He told the Grant Park Advisory Board on Wednesday that the rabbits have been drawn by park vegetation - lawns, plants and the sap behind tree bark.

City officials are concerned that the rabbits might harm some 200 elm trees that are to be planted in the park, which is located along the downtown lakefront.

The advisory board is working with the city to develop a permanent, yet humane, solution to the rabbits, said board president Bob O'Neill, who called the situation desperate.

The best way to protect the new elms would be to erect wire-mesh fences around the trees, then trap and relocate the rabbits, Brown said.

O'Neill said the city made such a move last year, capturing rabbits and moving them to the Cook County Forest Preserve. But the effort did little to stifle the spread of the floppy-eared critters.

"They relocated 100 (rabbits) from the Green at Grant Park and there are hundreds and hundreds still in the park," O'Neill said.

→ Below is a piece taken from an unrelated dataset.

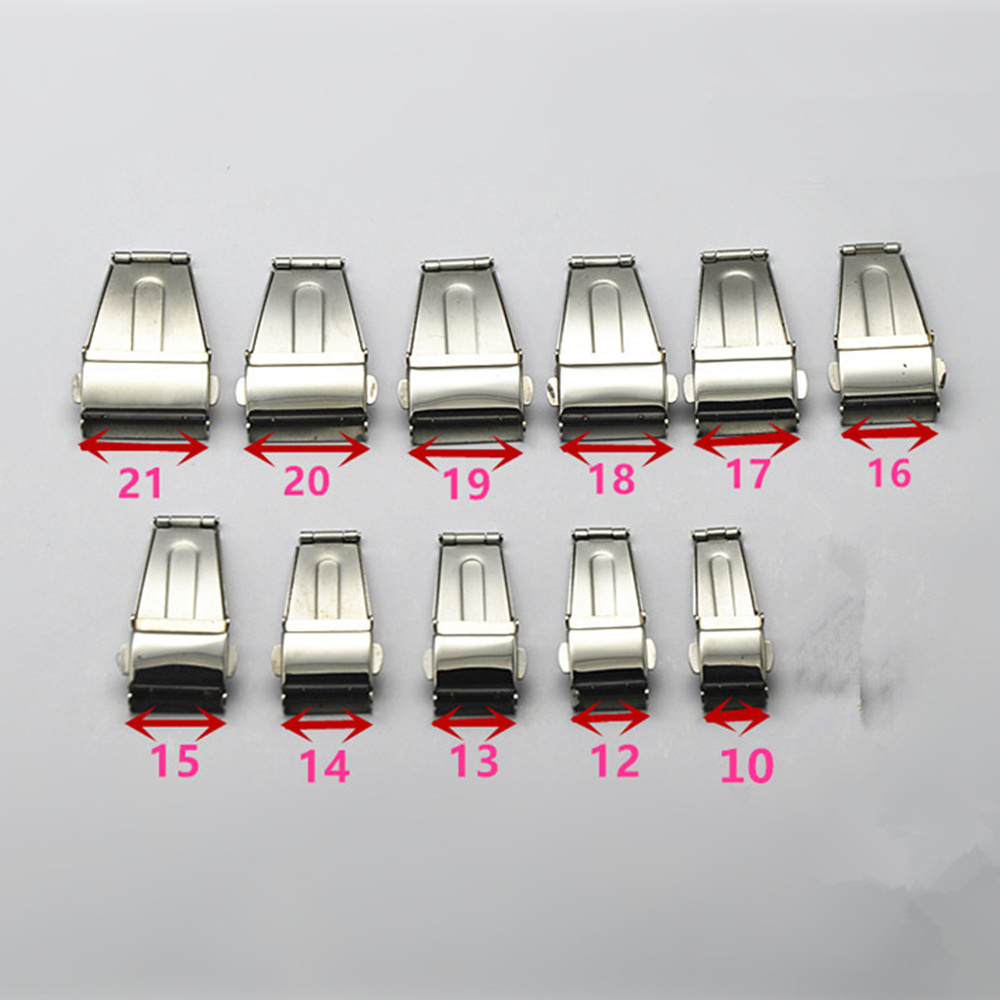 Stainless steel butterfly buckle clasp for watch repair, double press design for secure fit.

Brown explained the reason behind the problem: The bunnies have a 30-day gestation period and produce four to six rabbits per litter, with as many as four litters per season.

While city and advisory board officials seek a bunny-friendly solution to the Grant Park problem, someone has taken a more drastic approach in years past.

In 2001, more than 100 rabbit carcasses with gunshot wounds were found in the park. No arrests have been made.

Brown called for more humane measures.

"Standard humane treatment says you capture the animal and we will return it to an ideal place for cottontail (rabbits)," he said.